Horizontal Scaling: Model Replication and Load Balancing
Replicating Models for Throughput
A single GPU running a model has a throughput ceiling. Once batching is optimized, the only way to handle more requests is more GPUs. Horizontal scaling deploys multiple model replicas behind a load balancer. 10 replicas handling 100 requests per second each serve 1000 total requests per second. Each replica is independent: no state sharing, no synchronization needed during inference.
The challenge is replica management. Loading a large model takes 30-60 seconds. If a replica crashes, you cannot instantly replace it. Cold start latency means you need spare capacity running to handle failures and traffic spikes. Most production systems run at 60-70% peak capacity, keeping 30-40% headroom for resilience.
Load Balancing Strategies
Simple round-robin load balancing ignores request complexity. A long document summarization request takes 10x longer than a short classification. If one replica gets several long requests, it queues while others sit idle. Weighted load balancing considers request characteristics: estimate processing time based on input length, route to the least loaded replica.

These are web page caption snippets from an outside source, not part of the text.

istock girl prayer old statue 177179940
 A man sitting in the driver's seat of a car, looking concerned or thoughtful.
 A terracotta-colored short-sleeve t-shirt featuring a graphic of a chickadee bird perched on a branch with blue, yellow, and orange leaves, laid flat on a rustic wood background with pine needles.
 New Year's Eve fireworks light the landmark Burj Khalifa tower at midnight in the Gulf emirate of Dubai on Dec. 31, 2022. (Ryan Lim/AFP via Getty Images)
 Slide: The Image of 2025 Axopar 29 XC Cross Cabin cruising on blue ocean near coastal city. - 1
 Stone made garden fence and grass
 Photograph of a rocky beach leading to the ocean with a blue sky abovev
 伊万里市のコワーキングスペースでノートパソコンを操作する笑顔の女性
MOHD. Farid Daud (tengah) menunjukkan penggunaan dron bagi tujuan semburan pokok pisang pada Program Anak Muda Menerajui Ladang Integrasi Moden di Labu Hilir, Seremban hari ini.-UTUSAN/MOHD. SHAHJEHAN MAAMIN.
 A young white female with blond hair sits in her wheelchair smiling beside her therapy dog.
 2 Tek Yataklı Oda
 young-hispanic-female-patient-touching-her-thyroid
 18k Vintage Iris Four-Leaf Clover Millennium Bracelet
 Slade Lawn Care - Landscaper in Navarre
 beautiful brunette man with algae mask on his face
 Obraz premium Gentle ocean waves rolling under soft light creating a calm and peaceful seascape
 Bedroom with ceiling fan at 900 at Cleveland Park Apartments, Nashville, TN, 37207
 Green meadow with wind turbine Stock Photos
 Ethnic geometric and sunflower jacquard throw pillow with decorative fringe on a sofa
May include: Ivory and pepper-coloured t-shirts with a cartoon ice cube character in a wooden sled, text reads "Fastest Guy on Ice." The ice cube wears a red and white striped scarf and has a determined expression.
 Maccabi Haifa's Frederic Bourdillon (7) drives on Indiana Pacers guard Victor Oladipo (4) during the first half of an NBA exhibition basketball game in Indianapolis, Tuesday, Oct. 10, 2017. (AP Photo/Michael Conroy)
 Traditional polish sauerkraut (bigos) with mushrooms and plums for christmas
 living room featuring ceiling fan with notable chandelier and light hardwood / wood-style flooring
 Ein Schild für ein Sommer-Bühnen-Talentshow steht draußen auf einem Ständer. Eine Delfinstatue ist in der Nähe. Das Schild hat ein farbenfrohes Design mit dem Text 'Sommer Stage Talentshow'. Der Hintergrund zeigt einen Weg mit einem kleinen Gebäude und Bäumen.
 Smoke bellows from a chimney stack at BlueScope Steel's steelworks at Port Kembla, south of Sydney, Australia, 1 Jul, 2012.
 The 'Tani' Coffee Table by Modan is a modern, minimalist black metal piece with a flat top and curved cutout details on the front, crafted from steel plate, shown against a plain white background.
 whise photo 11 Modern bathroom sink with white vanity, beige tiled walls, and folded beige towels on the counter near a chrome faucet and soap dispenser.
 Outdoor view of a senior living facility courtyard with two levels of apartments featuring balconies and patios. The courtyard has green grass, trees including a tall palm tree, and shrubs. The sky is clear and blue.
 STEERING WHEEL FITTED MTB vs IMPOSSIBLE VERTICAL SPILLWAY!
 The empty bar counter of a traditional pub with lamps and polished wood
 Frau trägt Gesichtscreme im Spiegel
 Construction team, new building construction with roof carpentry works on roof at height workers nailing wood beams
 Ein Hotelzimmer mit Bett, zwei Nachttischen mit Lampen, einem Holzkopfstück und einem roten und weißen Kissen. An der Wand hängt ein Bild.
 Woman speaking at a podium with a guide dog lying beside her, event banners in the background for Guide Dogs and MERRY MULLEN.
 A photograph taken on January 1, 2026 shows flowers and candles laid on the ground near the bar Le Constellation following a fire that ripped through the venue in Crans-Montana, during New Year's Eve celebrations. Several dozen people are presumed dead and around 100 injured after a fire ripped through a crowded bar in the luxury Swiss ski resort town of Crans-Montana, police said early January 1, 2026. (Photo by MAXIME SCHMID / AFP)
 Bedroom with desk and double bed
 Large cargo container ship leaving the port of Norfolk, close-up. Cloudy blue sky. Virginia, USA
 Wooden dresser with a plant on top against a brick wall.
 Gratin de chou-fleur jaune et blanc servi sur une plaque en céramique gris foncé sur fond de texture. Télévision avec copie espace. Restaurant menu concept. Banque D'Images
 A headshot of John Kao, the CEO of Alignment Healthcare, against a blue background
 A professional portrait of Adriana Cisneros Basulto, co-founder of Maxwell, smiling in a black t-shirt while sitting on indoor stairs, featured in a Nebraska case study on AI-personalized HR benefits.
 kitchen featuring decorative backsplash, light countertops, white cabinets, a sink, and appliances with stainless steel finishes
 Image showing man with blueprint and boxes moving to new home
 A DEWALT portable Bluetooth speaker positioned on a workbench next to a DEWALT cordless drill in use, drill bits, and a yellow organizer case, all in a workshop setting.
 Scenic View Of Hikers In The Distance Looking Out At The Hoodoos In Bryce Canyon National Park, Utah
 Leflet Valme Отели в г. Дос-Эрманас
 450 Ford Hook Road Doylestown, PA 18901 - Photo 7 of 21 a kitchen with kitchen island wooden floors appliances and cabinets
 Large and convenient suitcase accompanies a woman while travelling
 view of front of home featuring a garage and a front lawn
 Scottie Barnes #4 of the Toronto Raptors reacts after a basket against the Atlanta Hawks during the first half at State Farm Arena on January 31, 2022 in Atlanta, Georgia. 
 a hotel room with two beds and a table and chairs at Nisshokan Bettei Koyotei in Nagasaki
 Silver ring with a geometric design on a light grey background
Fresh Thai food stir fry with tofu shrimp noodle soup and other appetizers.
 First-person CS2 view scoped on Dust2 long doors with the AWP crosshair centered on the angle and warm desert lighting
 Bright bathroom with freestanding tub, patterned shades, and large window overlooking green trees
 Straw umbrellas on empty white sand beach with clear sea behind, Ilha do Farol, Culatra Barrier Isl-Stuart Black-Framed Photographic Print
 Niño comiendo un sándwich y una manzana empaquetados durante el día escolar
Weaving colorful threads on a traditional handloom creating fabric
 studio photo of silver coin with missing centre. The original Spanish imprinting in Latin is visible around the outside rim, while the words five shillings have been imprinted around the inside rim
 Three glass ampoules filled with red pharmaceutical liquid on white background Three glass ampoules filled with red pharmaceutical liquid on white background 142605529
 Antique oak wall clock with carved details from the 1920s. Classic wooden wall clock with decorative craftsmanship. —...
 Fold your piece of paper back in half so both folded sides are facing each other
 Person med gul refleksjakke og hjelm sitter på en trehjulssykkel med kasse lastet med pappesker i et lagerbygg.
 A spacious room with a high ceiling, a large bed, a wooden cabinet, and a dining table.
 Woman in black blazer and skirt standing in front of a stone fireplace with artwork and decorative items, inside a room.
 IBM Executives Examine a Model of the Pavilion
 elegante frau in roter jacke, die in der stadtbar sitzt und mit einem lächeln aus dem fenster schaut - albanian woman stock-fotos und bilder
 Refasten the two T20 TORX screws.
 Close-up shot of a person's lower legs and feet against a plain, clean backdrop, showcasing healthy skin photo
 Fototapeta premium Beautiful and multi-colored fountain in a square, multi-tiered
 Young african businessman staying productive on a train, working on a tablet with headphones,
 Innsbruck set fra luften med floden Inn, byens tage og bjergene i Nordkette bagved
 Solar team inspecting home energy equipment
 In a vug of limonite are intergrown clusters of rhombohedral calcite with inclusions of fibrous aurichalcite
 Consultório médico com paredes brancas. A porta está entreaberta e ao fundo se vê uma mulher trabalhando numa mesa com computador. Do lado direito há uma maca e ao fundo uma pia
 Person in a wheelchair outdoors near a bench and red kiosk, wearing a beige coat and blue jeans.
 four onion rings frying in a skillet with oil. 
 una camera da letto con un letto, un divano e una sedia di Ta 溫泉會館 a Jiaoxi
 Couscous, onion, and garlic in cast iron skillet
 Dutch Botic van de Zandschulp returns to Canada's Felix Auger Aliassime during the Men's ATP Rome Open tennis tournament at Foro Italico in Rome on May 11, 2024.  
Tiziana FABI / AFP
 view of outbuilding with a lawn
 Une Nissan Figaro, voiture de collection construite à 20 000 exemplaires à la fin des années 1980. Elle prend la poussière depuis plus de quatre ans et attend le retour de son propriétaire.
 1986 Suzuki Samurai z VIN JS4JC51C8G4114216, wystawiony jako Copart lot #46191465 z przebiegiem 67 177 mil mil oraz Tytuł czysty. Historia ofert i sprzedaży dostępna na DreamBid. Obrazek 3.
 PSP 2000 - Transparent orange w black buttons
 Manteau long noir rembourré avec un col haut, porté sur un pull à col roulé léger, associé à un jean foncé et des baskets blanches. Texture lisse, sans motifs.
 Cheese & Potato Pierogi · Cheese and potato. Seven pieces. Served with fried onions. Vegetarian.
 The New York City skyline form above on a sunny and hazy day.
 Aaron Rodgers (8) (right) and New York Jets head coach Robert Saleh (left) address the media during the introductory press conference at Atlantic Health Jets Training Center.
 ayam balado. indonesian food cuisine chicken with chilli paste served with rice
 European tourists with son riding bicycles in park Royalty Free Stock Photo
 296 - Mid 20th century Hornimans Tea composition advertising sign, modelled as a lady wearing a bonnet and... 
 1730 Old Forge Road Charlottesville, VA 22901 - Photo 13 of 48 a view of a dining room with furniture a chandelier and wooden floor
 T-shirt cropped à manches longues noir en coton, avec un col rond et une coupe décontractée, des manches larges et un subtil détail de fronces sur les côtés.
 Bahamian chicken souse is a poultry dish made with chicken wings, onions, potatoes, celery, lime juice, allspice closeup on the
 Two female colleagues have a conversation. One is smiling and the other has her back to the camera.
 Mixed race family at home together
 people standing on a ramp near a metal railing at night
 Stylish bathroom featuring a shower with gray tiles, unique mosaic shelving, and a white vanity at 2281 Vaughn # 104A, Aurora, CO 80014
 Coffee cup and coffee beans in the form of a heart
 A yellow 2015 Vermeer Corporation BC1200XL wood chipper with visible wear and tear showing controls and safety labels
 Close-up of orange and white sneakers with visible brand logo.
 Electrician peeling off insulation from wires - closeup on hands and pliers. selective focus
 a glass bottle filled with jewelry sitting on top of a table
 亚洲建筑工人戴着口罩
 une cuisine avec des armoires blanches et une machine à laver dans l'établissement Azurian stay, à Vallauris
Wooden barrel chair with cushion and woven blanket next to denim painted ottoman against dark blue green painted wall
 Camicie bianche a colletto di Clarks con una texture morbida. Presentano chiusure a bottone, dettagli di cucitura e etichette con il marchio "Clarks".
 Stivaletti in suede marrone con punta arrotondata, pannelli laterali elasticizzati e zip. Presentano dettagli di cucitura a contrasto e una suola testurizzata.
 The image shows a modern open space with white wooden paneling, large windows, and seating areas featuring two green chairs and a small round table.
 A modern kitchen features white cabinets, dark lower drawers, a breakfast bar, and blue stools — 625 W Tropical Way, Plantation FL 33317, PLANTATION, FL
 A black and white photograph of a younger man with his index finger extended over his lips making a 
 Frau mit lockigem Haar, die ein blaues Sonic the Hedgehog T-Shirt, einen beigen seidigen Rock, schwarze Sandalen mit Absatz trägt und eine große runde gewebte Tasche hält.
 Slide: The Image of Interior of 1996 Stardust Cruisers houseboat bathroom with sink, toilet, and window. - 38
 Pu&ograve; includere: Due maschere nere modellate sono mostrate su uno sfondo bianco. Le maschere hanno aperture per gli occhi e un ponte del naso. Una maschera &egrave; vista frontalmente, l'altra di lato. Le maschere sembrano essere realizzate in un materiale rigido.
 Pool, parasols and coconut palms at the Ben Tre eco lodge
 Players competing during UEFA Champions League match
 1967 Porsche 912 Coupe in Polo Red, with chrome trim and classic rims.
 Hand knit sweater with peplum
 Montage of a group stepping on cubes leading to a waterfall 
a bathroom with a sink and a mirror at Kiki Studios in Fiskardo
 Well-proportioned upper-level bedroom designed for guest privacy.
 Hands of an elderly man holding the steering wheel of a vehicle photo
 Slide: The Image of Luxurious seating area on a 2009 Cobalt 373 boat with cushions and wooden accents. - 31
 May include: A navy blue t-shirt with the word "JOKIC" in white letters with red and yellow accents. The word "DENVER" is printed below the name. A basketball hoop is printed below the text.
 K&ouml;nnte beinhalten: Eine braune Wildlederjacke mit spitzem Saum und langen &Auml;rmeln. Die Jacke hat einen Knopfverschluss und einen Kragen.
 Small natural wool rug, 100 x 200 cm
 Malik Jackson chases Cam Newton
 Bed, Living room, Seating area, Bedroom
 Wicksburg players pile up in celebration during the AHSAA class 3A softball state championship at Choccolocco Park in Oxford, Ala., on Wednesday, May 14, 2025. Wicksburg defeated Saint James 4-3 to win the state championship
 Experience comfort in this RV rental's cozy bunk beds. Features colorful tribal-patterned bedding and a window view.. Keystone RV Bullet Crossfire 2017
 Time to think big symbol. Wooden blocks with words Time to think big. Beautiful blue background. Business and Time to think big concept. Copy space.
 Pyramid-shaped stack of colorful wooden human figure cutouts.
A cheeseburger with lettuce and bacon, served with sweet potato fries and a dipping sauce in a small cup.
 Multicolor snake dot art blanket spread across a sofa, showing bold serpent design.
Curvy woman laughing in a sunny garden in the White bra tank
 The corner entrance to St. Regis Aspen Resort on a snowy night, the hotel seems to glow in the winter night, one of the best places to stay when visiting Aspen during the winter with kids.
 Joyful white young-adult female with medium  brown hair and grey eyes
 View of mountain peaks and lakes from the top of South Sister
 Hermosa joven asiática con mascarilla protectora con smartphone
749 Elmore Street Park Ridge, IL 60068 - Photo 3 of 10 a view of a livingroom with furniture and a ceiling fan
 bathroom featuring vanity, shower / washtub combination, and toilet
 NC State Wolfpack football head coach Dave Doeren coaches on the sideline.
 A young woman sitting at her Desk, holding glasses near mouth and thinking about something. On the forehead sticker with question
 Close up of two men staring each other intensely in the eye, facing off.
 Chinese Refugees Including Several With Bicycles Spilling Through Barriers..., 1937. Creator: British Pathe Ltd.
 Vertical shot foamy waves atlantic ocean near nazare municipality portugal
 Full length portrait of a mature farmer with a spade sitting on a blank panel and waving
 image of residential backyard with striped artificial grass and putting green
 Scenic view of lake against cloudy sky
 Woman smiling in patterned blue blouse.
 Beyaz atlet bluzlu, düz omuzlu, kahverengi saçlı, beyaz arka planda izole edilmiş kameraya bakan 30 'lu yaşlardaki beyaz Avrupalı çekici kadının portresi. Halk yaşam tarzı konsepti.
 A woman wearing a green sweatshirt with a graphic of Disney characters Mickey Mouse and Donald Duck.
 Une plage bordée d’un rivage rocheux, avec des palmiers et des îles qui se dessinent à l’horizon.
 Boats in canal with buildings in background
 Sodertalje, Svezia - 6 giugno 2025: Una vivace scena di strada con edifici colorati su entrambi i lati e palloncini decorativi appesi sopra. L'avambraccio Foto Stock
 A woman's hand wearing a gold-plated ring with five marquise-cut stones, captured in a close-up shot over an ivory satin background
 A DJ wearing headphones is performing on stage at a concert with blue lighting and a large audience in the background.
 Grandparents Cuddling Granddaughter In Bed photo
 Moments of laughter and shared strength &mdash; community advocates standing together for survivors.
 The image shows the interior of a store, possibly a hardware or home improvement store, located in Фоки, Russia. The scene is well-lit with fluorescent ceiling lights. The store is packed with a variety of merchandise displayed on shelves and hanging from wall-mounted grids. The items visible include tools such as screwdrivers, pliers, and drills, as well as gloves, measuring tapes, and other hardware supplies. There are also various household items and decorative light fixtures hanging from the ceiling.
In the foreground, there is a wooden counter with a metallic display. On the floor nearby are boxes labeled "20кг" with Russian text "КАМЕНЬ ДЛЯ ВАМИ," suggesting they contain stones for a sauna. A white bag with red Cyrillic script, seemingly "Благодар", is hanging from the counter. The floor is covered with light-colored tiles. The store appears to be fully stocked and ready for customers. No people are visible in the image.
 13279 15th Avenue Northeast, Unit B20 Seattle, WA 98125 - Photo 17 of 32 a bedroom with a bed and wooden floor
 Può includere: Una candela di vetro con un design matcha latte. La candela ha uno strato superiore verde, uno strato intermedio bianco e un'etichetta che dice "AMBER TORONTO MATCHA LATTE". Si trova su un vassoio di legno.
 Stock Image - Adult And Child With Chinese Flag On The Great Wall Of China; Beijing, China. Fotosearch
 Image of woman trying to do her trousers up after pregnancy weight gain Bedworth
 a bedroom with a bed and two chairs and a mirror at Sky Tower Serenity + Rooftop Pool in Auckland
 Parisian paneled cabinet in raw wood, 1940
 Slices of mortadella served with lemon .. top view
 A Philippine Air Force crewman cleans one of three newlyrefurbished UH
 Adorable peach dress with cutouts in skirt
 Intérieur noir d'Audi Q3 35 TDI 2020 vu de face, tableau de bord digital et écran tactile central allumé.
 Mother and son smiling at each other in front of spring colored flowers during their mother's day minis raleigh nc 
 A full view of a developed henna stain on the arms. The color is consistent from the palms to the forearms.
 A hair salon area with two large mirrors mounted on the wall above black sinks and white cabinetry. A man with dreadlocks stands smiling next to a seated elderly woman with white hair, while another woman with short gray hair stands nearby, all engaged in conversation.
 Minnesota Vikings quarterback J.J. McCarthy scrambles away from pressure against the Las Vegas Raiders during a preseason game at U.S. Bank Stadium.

Queue depth is a useful metric for load balancing. Route requests to replicas with the shortest queues. This naturally balances load even when request complexity varies. Some systems expose queue depth as a health signal - a replica with growing queue depth receives fewer new requests.
Autoscaling Considerations
Autoscaling ML services is harder than web services because scale-up is slow (30-60 second model load) and GPUs are expensive. Scale based on queue depth and latency percentiles, not just CPU utilization. Set conservative scale-down policies to avoid thrashing - removing a replica and immediately needing it back is wasteful.